I did it with my son. He was born in May 2015, and LEAP came out in February 2015. I actually knew to give him bamba this many times a week, and I gave him pureed scrambled eggs, and I gave him Greek yogurt. And I tried to make sure that all the caregivers and everybody was on the schedule to feed him these foods, so that I can hopefully reduce his risk of developing allergies. And what I realized is that it's really hard.

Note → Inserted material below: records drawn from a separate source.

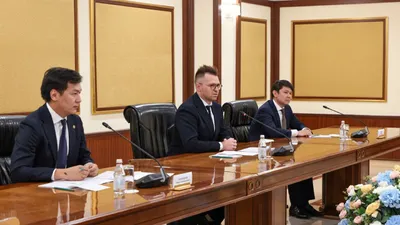 встреча, фото - Новости Zakon.kz от 09.07.2025 18:24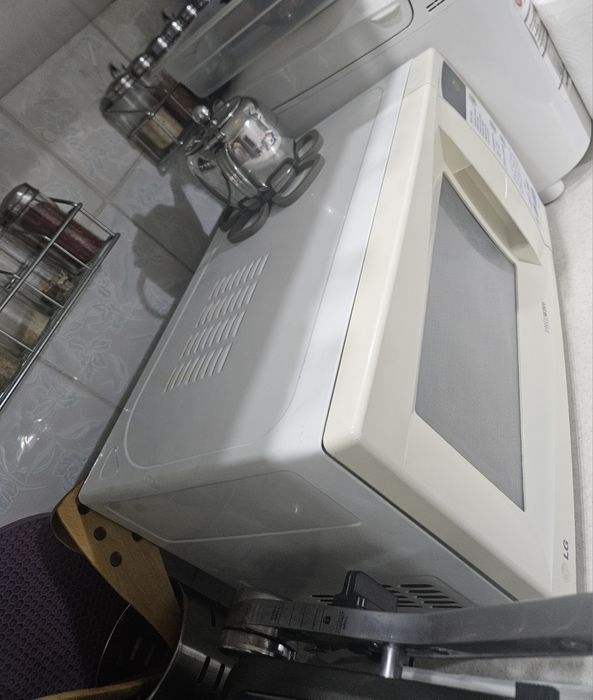 Продам микроволновку  LG бу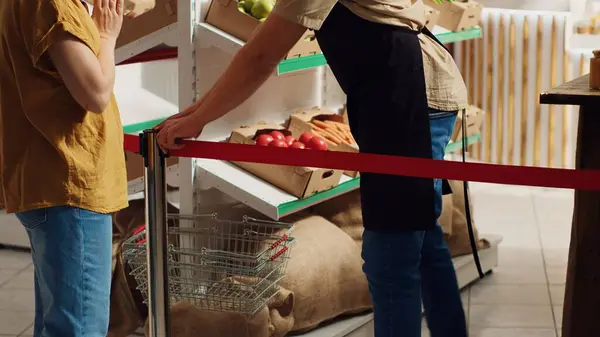 Vendedor Saluda Los Primeros Clientes Supermercado Residuos Cero Recién Abierto — Foto de Stock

It's really tough to feed babies, it's hard to feed them if they're not developmentally ready to be eating solids. And even when they are, giving them multiple allergenic foods multiple times a week is really tough. That was one of the motivating factors when Andy Leitner, who's one of the co-founders of Ready, Set, Food—when his son was diagnosed with severe food allergies, he thought, 'Is there something I could have done to help get allergens into my son earlier, to make it a reduced risk?' Those were the motivating factors.
So when you ask where is this is going, there are more studies that I hope will strengthen the studies that we already have. But the next step really is, how do we implement it? We have guidelines, the NIH guidelines, and they do give some tips on the DIY of implementing peanuts into babies' diets. And those are great. But I think when you actually sit down with a parent and say, 'Are you able to do that?', you're going to get a lot who say, 'No, this is really hard.'
I think that's what we're going to do next: try and figure out a way to actually implement these guidelines.